I don't blame the workers in Vegas. 90% of them are just like me...doing honest work cooking, cleaning, maintenance, IT jobs...so they can support their family. It’s not their clean tables or good food forcing me to turn in my seat to watch while a volcano blows and “Lava Girls" slide out into a 30' Margarita mug.
I don't even blame the 90' billboards of showgirls pointing their bareness at me in glowing lights (although the Hot Girls ads on the trucks that constantly cruise the strip are a bit maddening).
At the end of the day I shake my moral compass and wonder why I didn't stop and wonder if my thoughts and subtle actions throughout the day honored my wife, my daughters, and my God.
I lose my joy
I think others do, too. All I need to hear is the 'ding ding ding" of the slot machines and my whole spirit drops (I'm convinced the gates to hell are lined with Wheel of Fortune slot machines). I walk around watching my peers play the slots, and there's no smiling, not even any conversation. Anywhere.
I really lose my joy (and a few tears) when casino after casino brings out the pole dancers. Mind you, they are not in some corner or secluded club…but in the smack middle of the casino along the walkway between the front door and the elevators. I first feel guilt at even a glance…then I feel shame. I start wondering what started that former 8 year old daughter, made in God’s image, hopefully loved by parents, down the path where she’s making ends meet by dancing for men in a casino.
…oh, and I notice she’s not smiling either.
But then I find...
But as I write this, I'm surprised to think there is something to find in Vegas.
I find a reflection of myself.
My own life is filled with normal, everyday activities that are neither good nor bad. I’m surrounded by temptations (just maybe not as obvious). I can choose to stare at those temptations or choose to follow my moral compass. I fail far more than I care to admit.
My life is also filled with normal, everyday people. Regardless of what they are doing, God loves them and He wants me to love them, too.
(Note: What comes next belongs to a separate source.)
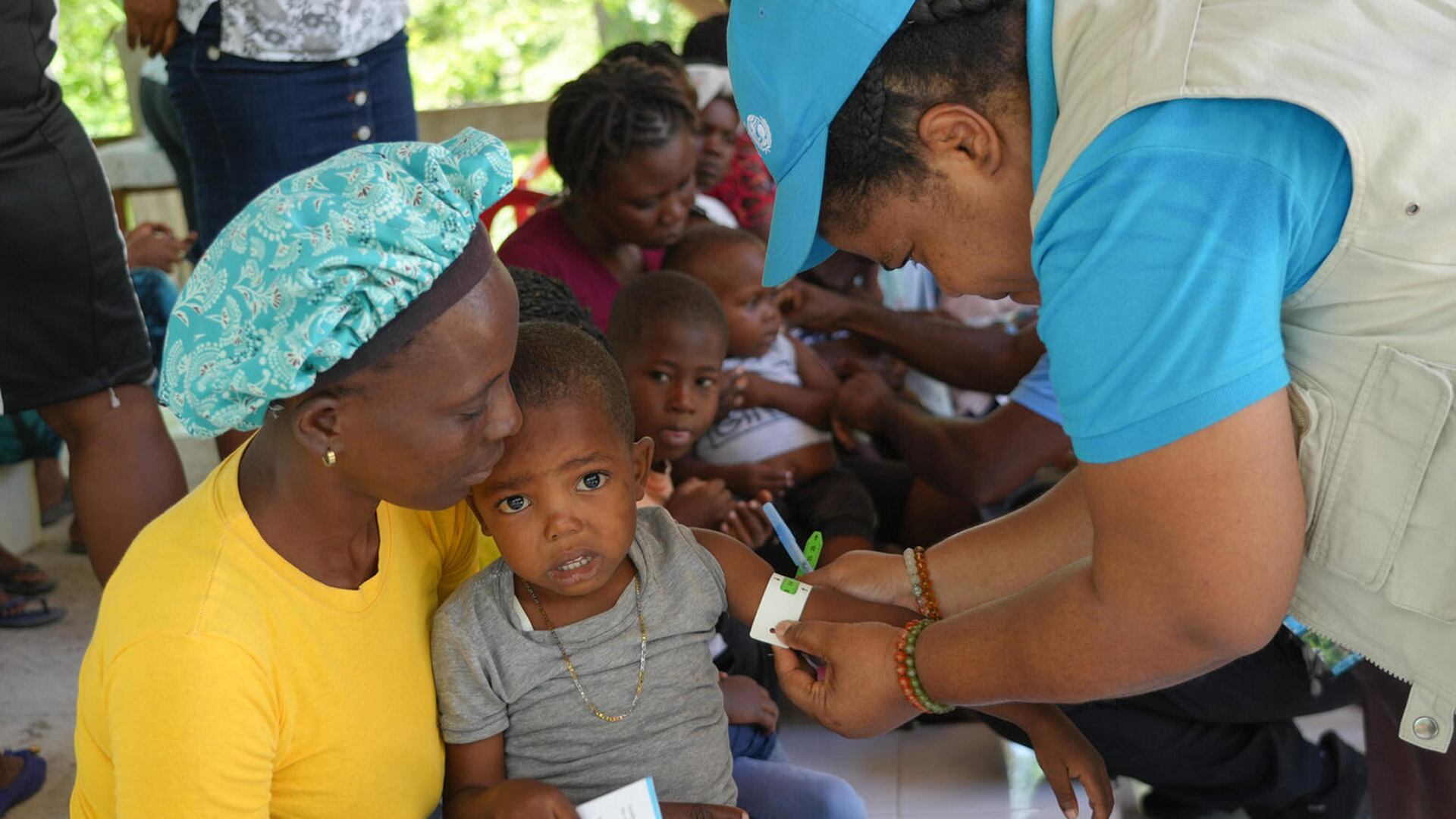 Un niño es examinado para detectar malnutrición en una clínica móvil apoyada por UNICEF en Boucan Carré, Haití. Imagen del 5 de mayo de 2025 (Foto: Herold Josep/UNICEF)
Not mock them, not judge them, not use them, not ignore them.
God wants me to love them (that scares me more than the roller coaster at the top of the Stratosphere).
In the end, I’m surprised to find that maybe what I really don’t like about Vegas is exactly what I don’t like about myself…
…I can be fake
…I can be amoral
…I can be joyless (and bring others down)
…I can be unloving, uncaring, and use those who God loves.